The revaluation of all values or transvaluation of all values (German: Umwertung aller Werte) is a concept from the philosophy of Friedrich Nietzsche.

== Meaning ==

The revaluation of all values is the process by which actions and beliefs previously thought to be good and righteous come to be seen as evil and wrong, and vice-versa. Nietzsche believed post-exile Judaism and Christianity were part of a revaluation of values whereby master morality (which identified virtue with the expression of strength, power, action, health and sexuality) was supplanted at all levels of society by slave morality (which instead identified power as evil and weakness as good). In his later works, Nietzsche expresses his interest in spearheading a new revaluation of all values against Judeo-Christian morality and egalitarianism.

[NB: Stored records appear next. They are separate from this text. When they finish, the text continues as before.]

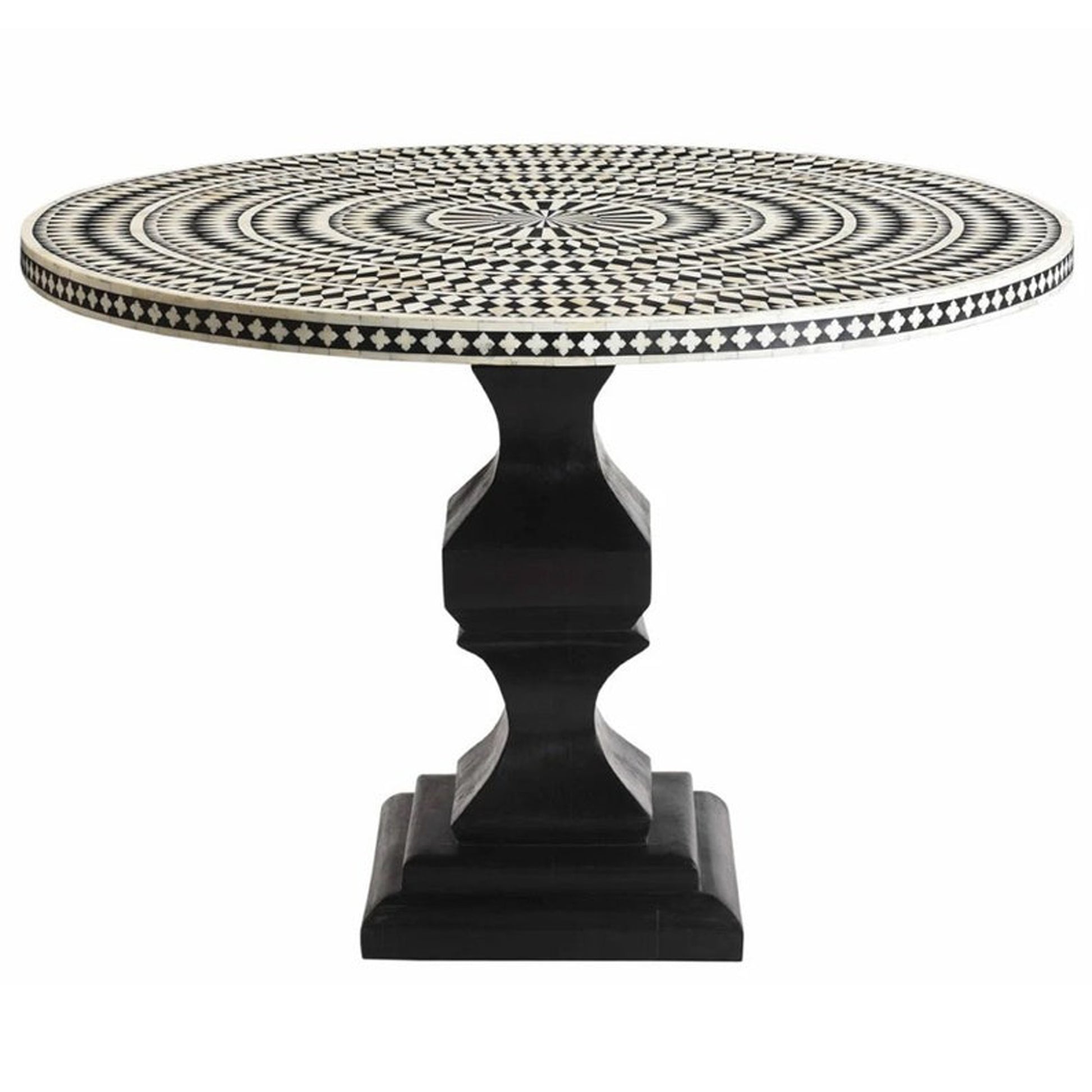 Bone Inlay Tribal Design Big Dining Table - Round Table for Home Decor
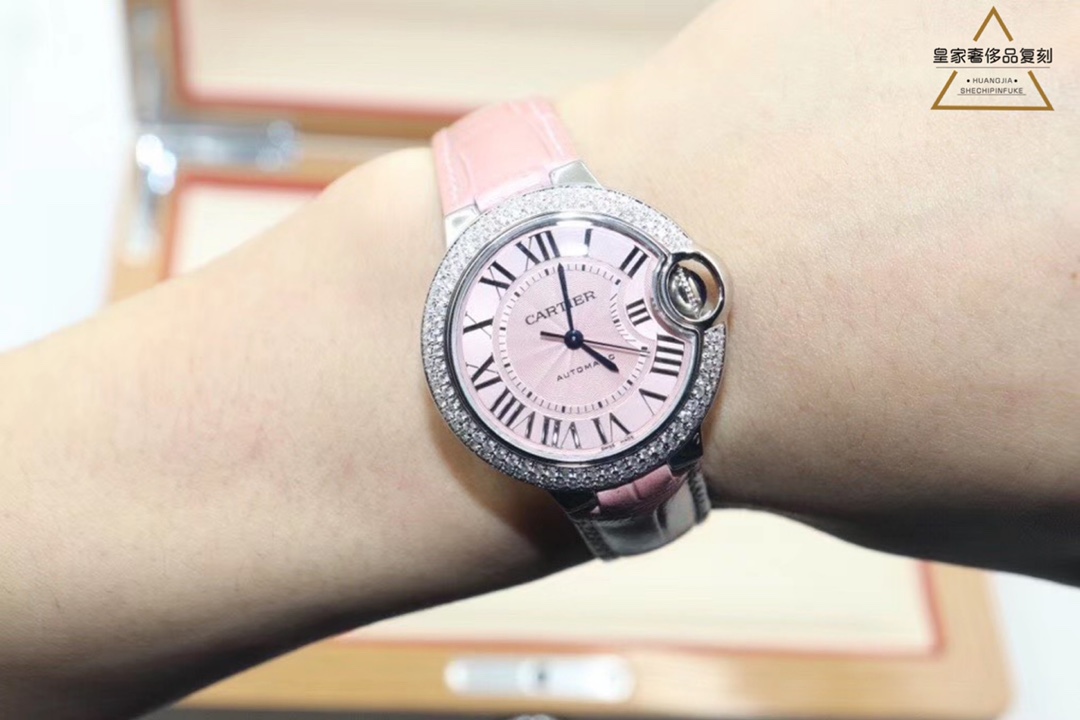 Cartier 卡地亚蓝气球系列33尺寸粉红色女款腕表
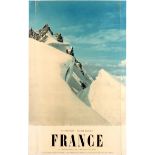 Travel Poster France Skiing Mont Aiguille du Midi Cable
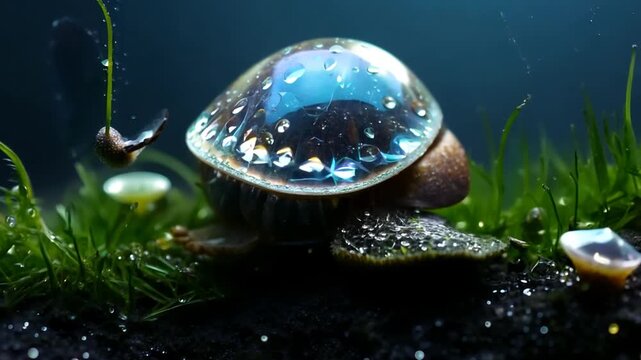 Turtle With a Shell Covered in Droplets on an Underwater Landscape Generative AI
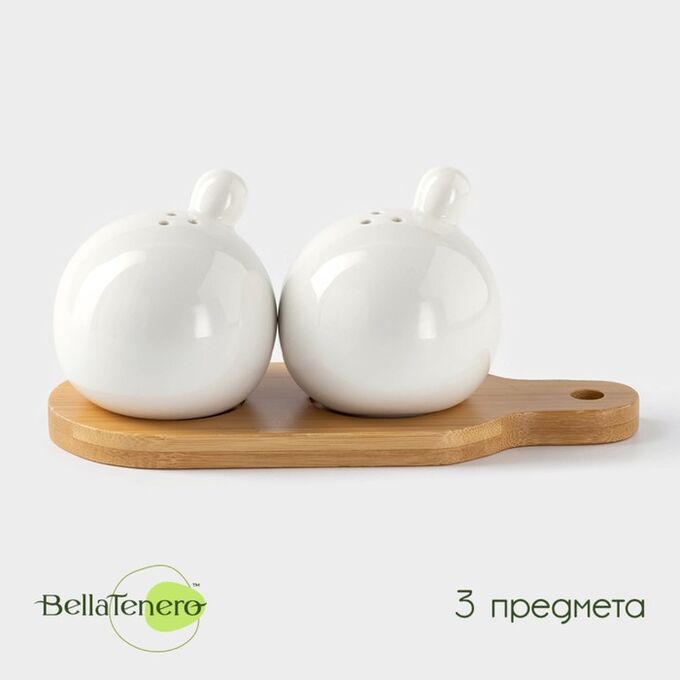 СИМА-ЛЕНД Набор фарфоровый для специй на бамбуковой подставке BellaTenero «Шарики», 2 предмета: солонка 100 мл, перечница 100 мл, цвет белый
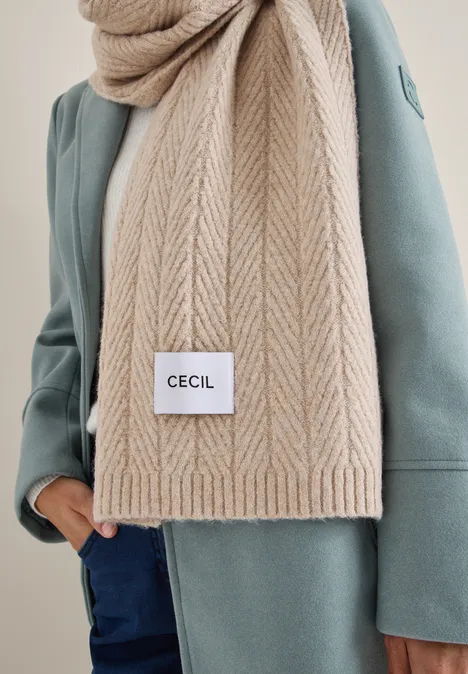 Strickschal mit Struktur sandalwood beige melange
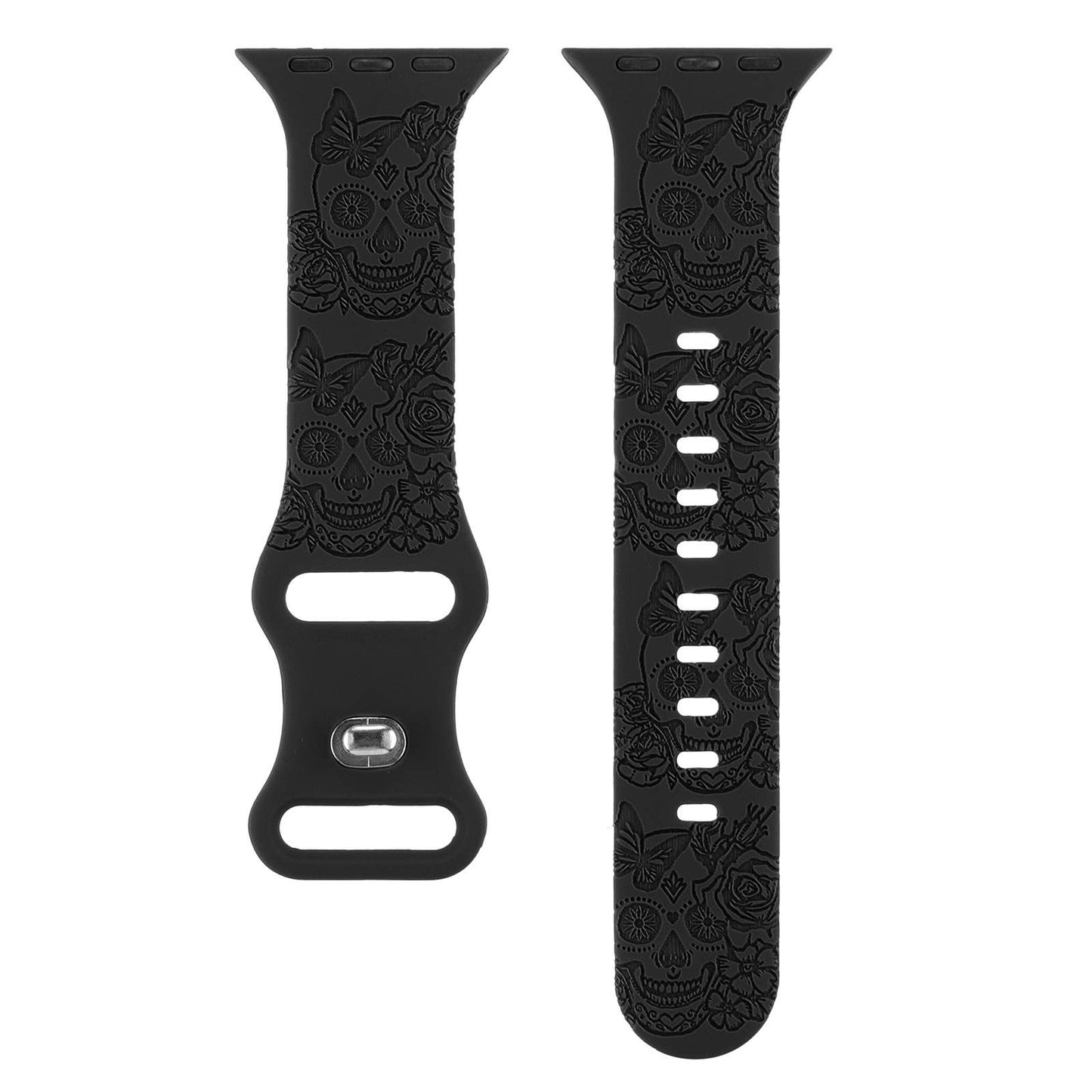 ENGRAVED CHECKERED SILICONE APPLE WATCH9-1 STRAP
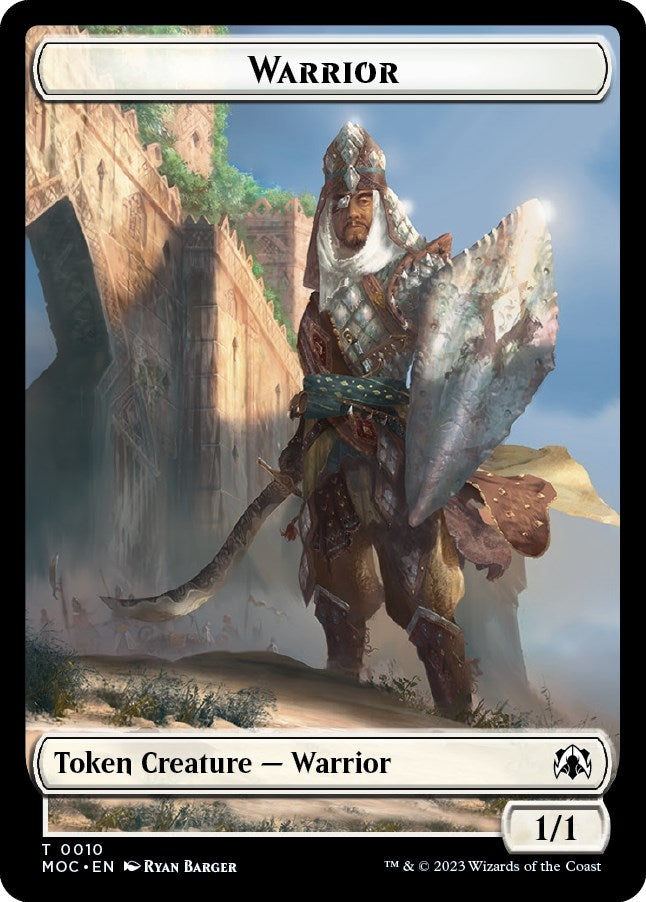 Image for Warrior // Emblem - Elspeth, Sun's Champion Double-sided Token (10 // 43) [March of the Machine] - Magic: The Gathering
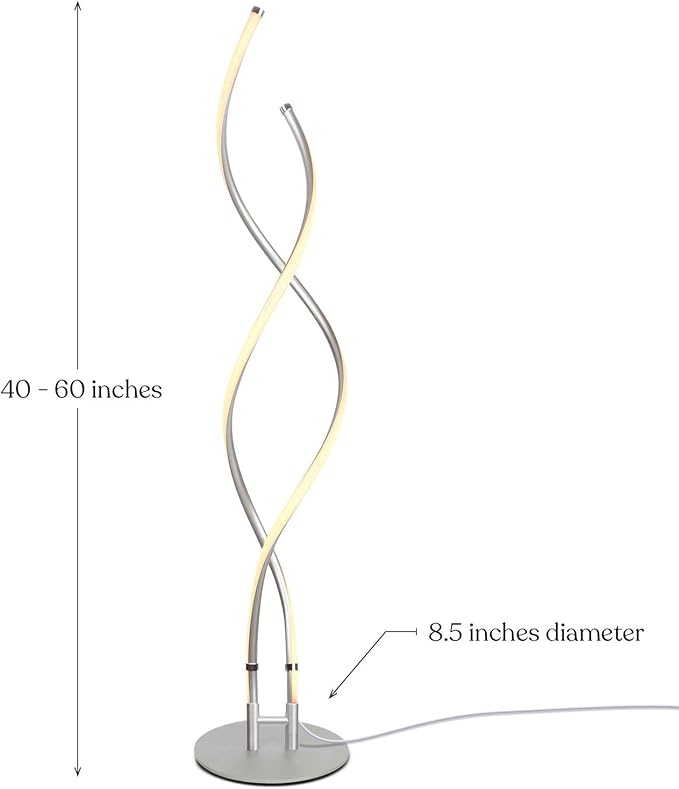 Brightech Embrace Dimmable LED Floor Lamp – Modern Spiral Adjustable Standing Lamp for Living Rooms & Offices – 2-in-1 Tall End Table Lamp for Bedroom Reading - Silver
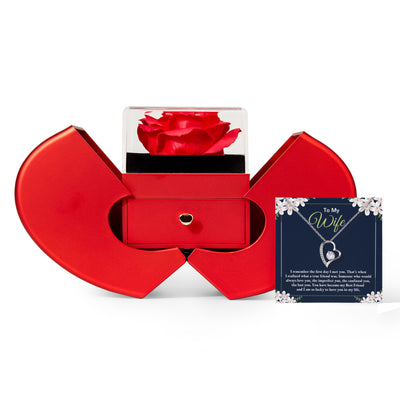Forever Love Necklace & Eternal Rose Heart Box Gift Set – Elegant Keepsake for Anniversaries, Birthdays & Special Occasions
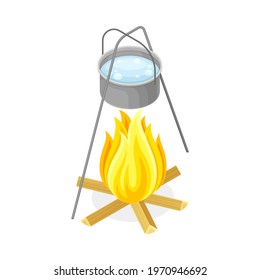 Campfire with Water Boiling in Cooking Pot Isometric Vector Illustration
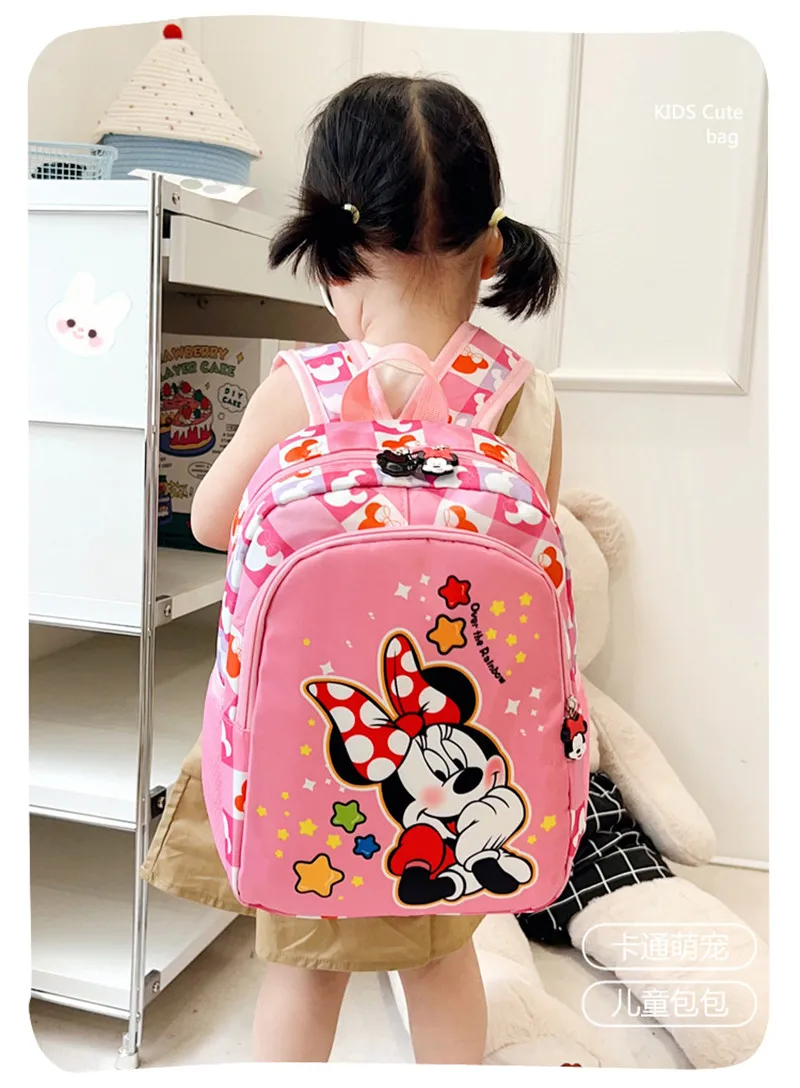 

Mickey Mouse Minnie Child Backpack Cute Cartoon Kindergarten Schoolbag Female Large Capacity Disney Student Backpack
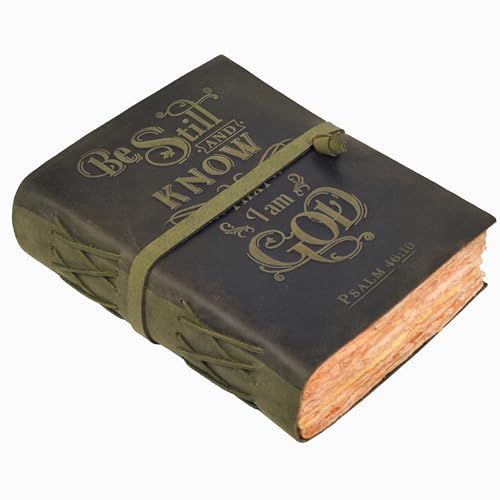 LEATHER VILLAGE Vintage Leather Journal with Psalm 46:10 Bible Verse–8''x6'' Embossed Prayer Study Journal for Women & Men – 200 Pages Handmade Cotton Deckle Edge Watercolor Paper - Aqua - color: Marine, size: 8 inches X 6 inches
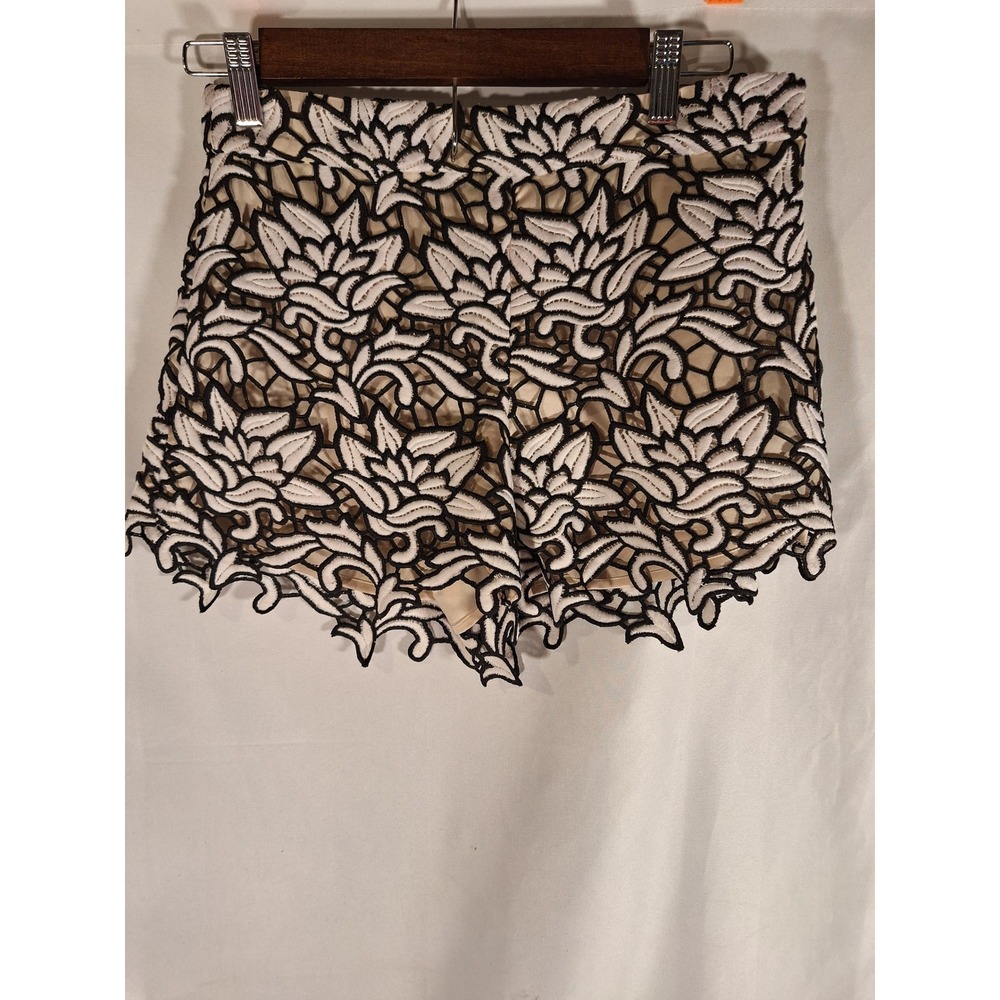 Alice + Olivia Black & White Floral Lace High Waist Shorts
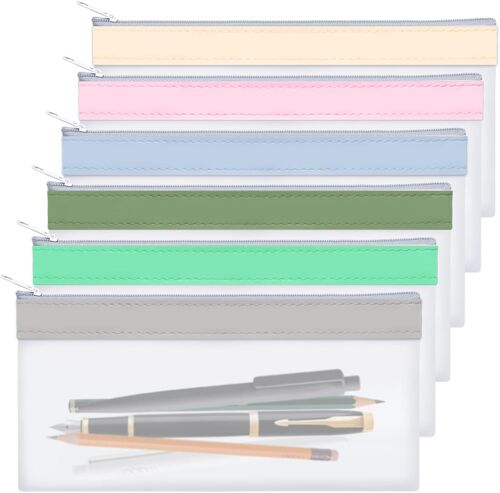 Kalanka-6 Pièces Trousse Transparente Trousse À Crayons Transparente Trousse Scolaire Grande Capacité Trousse Scolaire Translucide Trousse De Toilette Portable Pour Étudiants Examen Bureau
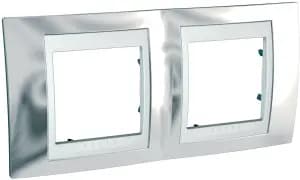 Рамки Unica Chameleon, горизонтальная 2 поста - серебро с белой вставкой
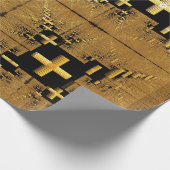Golden Fractal Crosses Cadeaupapier (Hoek)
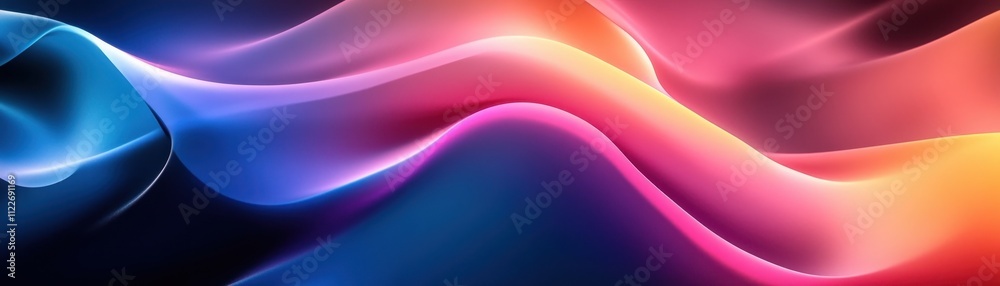 Poster Abstract Colorful Waves Flowing Seamlessly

== Unfinished book series ==

The Revaluation of All Values was also the title of a four-book series Nietzsche was planning to write, meant to be structured as follows:

- Book I — The Antichrist. An Attempted Criticism of Christianity.
- Book II — The Free Spirit. A Criticism of Philosophy as a Nihilistic Movement.
- Book III — The Immoralist. A Criticism of the most Fatal Kind of Ignorance: Morality.
- Book IV — Dionysus. The Doctrine of Eternal Recurrence.

He only managed to complete the first book of the series before fully losing his sanity in late 1888. The unfinished drafts of the remaining three books, alongside other unrelated notes by him, were published by his sister Elisabeth Förster-Nietzsche under the title The Will to Power.